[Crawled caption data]
____________________
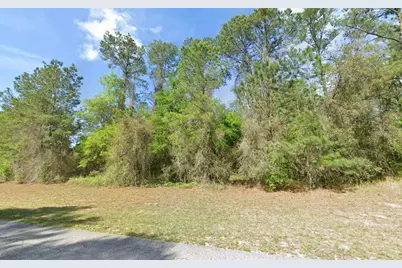1495 E Citrus Springs Boulevard, Citrus Springs, FL 34434 - Photo 3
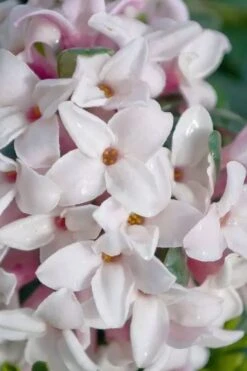 Splash Variegated Summer Daphne - 1 Gallon Pot -Garden Plants daphne splash variegated summer daphne 7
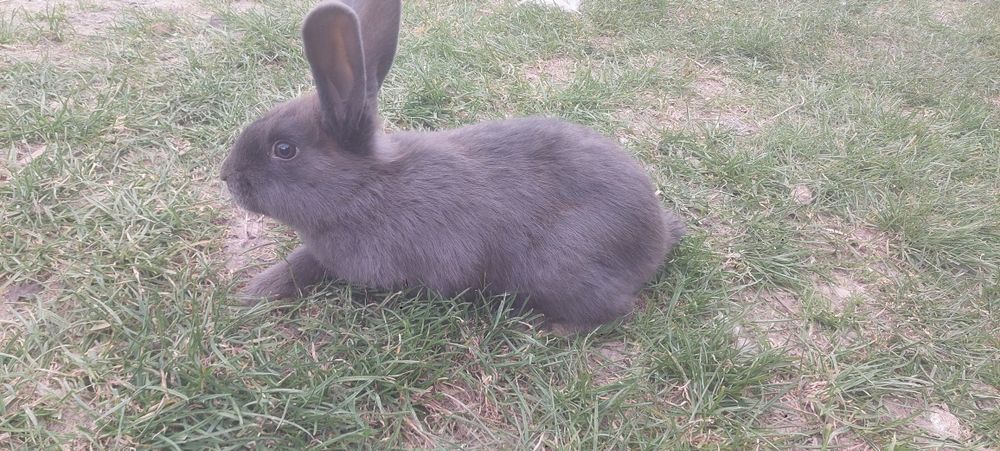 Kroliki młode mieszane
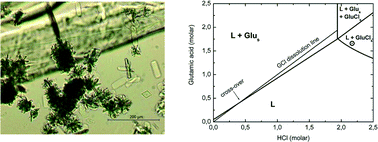 Graphical abstract: On the concomitant crystallization of amino acid crystals upon dissolution of some amino acid salt crystals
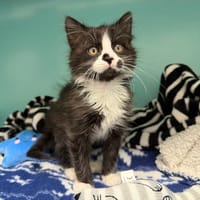 LATRAVIATA (En cours d’adoption), chatte à adopter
____________________
* What needs to be done
Please transcribe exactly the lines from the one containing "Splash Variegated Summer Daphne - 1" through the last line of the records above, both included, and leave out every picture.

* Response
 Splash Variegated Summer Daphne - 1 Gallon Pot -Garden Plants daphne splash variegated summer daphne 7
 Kroliki młode mieszane
 Graphical abstract: On the concomitant crystallization of amino acid crystals upon dissolution of some amino acid salt crystals
 LATRAVIATA (En cours d’adoption), chatte à adopter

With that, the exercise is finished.